Certains chercheurs émettent l’hypothèse que ce processus serait mis en œuvre dans le cerveau des personnes sous psychédéliques afin de compenser l’activation des récepteurs sérotoninergiques. En effet, ces récepteurs, une fois activés, augmentent l’activité de certains neurones qui émettent alors des hypothèses de plus en plus spécifiques : d’un simple “chat” à “Garfield”, “chat noir” ou encore “Félix” (Pink-Hashkes et al., 2017 ; Carhart-Harris & Friston, 2019). Alternativement, imaginez-vous remplacer votre vieille télévision par un écran Ultra HD qui a nettement plus de pixels, c’est-à-dire de possibilités. Cela explique pourquoi la perception paraît très nette sous l’influence de psychédéliques. Passés sous scanner, les cerveaux soumis aux psychédéliques présentent d’ailleurs des états de conscience plus complexes que sous condition normale (Tagliazucchi et al., 2014). En se précisant, les hypothèses ont en général moins de chance de correspondre à la réalité objective que lorsqu’elles sont générales (il est plus rare de croiser Garfield que de croiser un chat quelconque, dont Garfield). Un signal ascendant plus puissant est alors généré dans les couches inférieures pour corriger ces prédictions moins fiables car trop spécifiques. Pour compenser l’augmentation des signaux ascendants d’erreurs de prédiction, les couches n’étant pas affectées par l’activation des récepteurs vont augmenter la puissance de leur prédiction et générer des hallucinations, à la manière de DeepDream.

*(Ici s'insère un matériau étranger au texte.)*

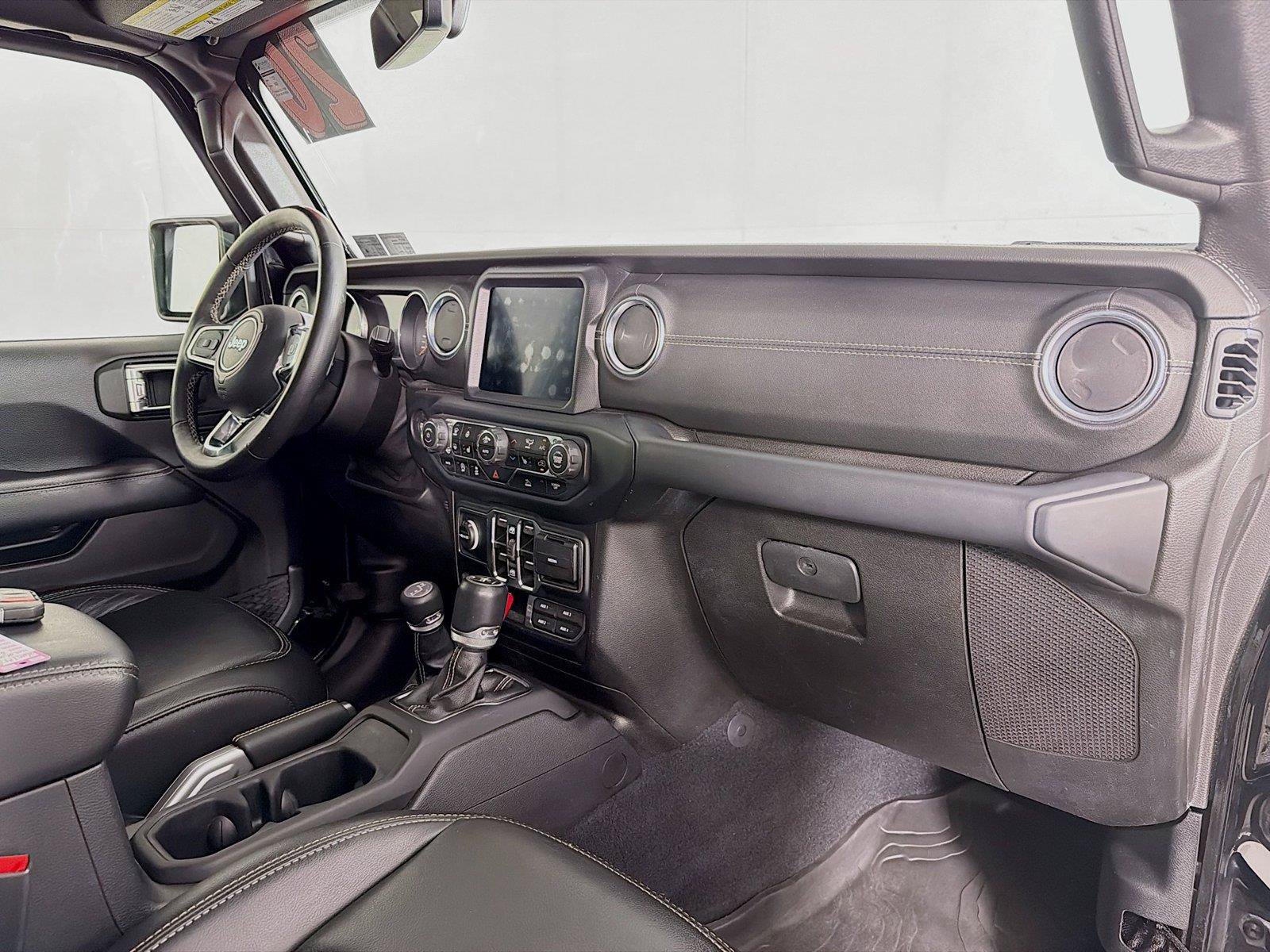 Used 2020 Jeep Gladiator Overland AWD/4WD image 30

Une autre manière de réduire les erreurs consiste à modifier l’environnement perçu à travers le mouvement, c’est ce que l’on appelle l’inférence active. Ces deux stratégies semblent être complémentaires, si bien que bouger plutôt que de rester immobile permet de réduire les hallucinations et l’occurrence de mauvaises expériences, communément appelées “bad trip”.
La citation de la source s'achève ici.